EXERCISE – An exact copy of all the data is needed, with every picture left out.

[[ PROVIDED MATERIAL open ]]

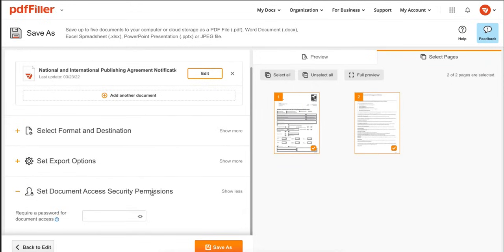When you're done, click Save As, add a password if necessary, and your PDF will download.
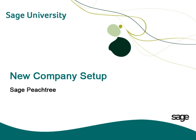Welcome to this New Company Setup Peachtree Anytime Learning topic. Would you like to set up a new company in Peachtree? In this topic, you will learn how to easily create a new company using Peachtree's New Company Setup Wizard.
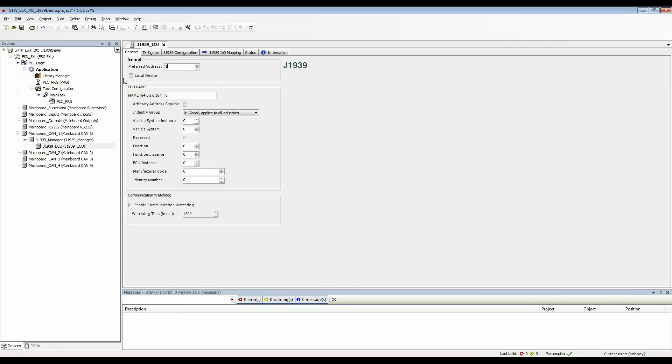This local device checkbox for now we're going to leave it unchecked because if you check it it tells the controller that you're going to be simulating a device in the controller. I'm going to leave this unchecked because I want to use this to receive data from an actual external device.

[[ PROVIDED MATERIAL closed ]]

SOLUTION FOR THIS PROBLEM –
When you're done, click Save As, add a password if necessary, and your PDF will download.
Welcome to this New Company Setup Peachtree Anytime Learning topic. Would you like to set up a new company in Peachtree? In this topic, you will learn how to easily create a new company using Peachtree's New Company Setup Wizard.
This local device checkbox for now we're going to leave it unchecked because if you check it it tells the controller that you're going to be simulating a device in the controller. I'm going to leave this unchecked because I want to use this to receive data from an actual external device.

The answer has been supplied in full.